At least 63 mortar rounds hit multiple districts of the capital, prompting the closure of Damascus University, the Syrian Observatory for Human Rights said.

A policeman was among the five dead, the Britain-based monitoring group said.

The mortar fire left usually busy parts of the capital deserted.

"Within minutes, our busy street was empty," said a resident of the Baramkeh neighbourhood, adding that the headteacher of a local school had been forced to take her students to a shelter.

The middle class district is home to several university buildings, as well as the headquarters of state news agency SANA.

In the city centre, traffic was light and many people stayed home from work for fear of the mortar fire.
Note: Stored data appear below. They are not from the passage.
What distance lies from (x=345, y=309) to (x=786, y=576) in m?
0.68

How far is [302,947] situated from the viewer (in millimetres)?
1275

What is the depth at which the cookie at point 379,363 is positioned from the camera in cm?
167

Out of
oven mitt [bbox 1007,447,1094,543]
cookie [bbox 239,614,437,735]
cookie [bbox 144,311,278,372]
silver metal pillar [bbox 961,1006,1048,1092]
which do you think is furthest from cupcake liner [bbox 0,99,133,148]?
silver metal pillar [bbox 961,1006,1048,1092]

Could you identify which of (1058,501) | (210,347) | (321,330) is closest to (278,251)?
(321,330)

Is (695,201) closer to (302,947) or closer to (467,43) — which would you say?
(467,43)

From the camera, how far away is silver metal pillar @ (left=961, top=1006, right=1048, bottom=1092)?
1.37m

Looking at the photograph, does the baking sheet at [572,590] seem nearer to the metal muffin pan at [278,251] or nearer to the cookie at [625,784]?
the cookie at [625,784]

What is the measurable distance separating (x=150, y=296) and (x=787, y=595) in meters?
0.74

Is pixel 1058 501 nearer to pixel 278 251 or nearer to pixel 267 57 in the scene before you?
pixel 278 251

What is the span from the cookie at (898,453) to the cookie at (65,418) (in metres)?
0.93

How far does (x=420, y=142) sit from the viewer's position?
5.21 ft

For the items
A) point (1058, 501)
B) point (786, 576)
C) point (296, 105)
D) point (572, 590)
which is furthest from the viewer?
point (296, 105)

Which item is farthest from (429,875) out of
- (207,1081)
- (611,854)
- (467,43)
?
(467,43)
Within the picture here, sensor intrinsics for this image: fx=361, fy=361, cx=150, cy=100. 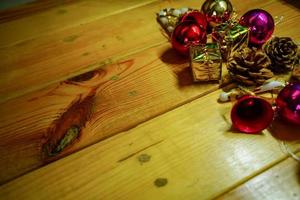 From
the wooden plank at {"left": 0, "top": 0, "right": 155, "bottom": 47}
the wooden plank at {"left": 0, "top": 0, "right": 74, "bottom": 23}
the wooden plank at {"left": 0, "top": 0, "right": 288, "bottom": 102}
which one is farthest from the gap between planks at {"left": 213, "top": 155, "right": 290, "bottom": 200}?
the wooden plank at {"left": 0, "top": 0, "right": 74, "bottom": 23}

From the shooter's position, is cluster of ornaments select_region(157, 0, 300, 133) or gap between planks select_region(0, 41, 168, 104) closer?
cluster of ornaments select_region(157, 0, 300, 133)

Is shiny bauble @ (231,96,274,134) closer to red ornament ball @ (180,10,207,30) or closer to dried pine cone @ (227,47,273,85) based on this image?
dried pine cone @ (227,47,273,85)

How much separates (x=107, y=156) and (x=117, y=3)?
50 centimetres

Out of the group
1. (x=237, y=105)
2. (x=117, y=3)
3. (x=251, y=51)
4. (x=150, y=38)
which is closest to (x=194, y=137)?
(x=237, y=105)

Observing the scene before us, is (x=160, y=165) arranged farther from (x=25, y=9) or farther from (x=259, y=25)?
(x=25, y=9)

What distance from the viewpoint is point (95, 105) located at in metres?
0.70

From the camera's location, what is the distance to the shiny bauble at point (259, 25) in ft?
2.45

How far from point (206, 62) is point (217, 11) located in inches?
6.8

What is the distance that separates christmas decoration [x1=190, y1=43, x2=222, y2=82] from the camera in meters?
0.69

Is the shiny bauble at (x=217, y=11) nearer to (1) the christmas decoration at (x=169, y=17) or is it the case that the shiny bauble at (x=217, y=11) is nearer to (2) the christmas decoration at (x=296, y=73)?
(1) the christmas decoration at (x=169, y=17)

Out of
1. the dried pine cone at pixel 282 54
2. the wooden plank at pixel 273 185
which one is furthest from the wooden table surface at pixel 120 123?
the dried pine cone at pixel 282 54

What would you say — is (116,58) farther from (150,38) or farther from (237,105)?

SANA said four people had been killed and 60 wounded as the bombardment damaged homes and set cars ablaze.

It came two days after rebel group Jaysh al-Islam (Army of Islam) vowed heavy mortar fire on the capital in response to deadly air strikes on the besieged rebel-held town of Douma east of the capital.

Its leader Zahran Alloush said that Damascus was now considered a "military zone" and a target for the rebels.

In response to the mortar fire, government aircraft stepped up their raids on Douma and the nearby rebel-held area of Erbine.

Two children were among the eight people killed, while 100 people were wounded, the Observatory said.

The region of Eastern Ghouta, which includes Douma, is a key rebel bastion on the outskirts of Damascus, and has been under government siege for nearly two years.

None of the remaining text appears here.